139. Coloured tapestry (XVIIIth dynasty)140. Cut leather net

139. Coloured tapestry (XVIIIth dynasty)

140. Cut leather net.

These are known from the pagan period, as there are many mythological subjects; but the greater part belong to the Christian and Mohammedan ages.

The Roman and Coptic tapestries are placed upon garments as derivatives from darning, or from patches put on the garments to prevent them wearing through. The positions are broad stripes over the shoulders where any object would rest when carried, circular patches on the breasts and on the knees. On referring to the hundreds of figures in Roman dress from the third to fifth centuries (in Garucci, Vetriornati di figure in oro), embroideries or tapestries are unusual in Italy. A dozen robes with scrolls or foliage patterns are shown, but only three with knee patches, and one of those (xxxi, I) is a female servant holding an Egyptian fan, probably therefore an Egyptian slave. It seems, then, that this system of circular patches on the wearing parts is not Roman but Egyptian. Beside the woven tapestries, which are nearly all in purple, embroidery was done with the needle in white thread on the purple ground.

Leatherwork was of importance in Egypt in all ages. The two principal arts in it were the applique work in colours, and the cutting of network. The great example of the applique work is the funeral tent of Queen Isiemkheb, about 1000 B.C. It was eight feet long and seven feet wide, with sides over five feet high. Six vultures are outspread along the top, and the sides have a long inscription. The whole of the figures and signs are cut out in variously coloured leather, and stitched on to the crimson leather ground. This work we can trace in the style of earlier decorations, back to the head fillet of Nofert, fig. 24. It is also continued down to the present day in the applique work in coloured stuffs on the inside of Egyptian tents.

The cutting of leather nets was an art of great skill. Rows of slits were cut, breaking joint one with other, so that a piece of leather could be drawn out sideways into a wide net. One of the most delicate of such nets is partly shown in fig. 140. The square patch left in the middle of the net was for the wear of sitting on when the net was put over the linen waist cloth. Such nets over the cloth are shown in the figures of the harvesters, fig. 70, with the slit network and the square patch.

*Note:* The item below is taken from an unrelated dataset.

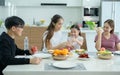 Asian family They are having breakfast together happily in the dining room Royalty Free Stock Photo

To cut the leather in such extremely fine threads must have required great skill and care; and not only is the leather slit, but considerable slips have been removed so as to produce an open net close up to the edge band of solid leather; on some edges an inch or two is cut away to form one side of the rhombic opening.

In many directions we have now traced the outlines of the artistic skill of the Egyptians, but only outlines, which point incessantly to the wide spaces that need to be filled in by further detail. Much of that has yet to be discovered, but much is ready to hand whensoever a careful observer may choose to devote attention to any of the branches of art or technical work which we have so briefly noticed. In every direction a complete collecting of materials and an adequate publication of them would bring a full reward in results.

The powerful technical skill of Egyptian art, its good sense of limitations, and its true feeling for harmony and expression, will always make it of the first importance to the countries of the West with which it was so early and so long connected.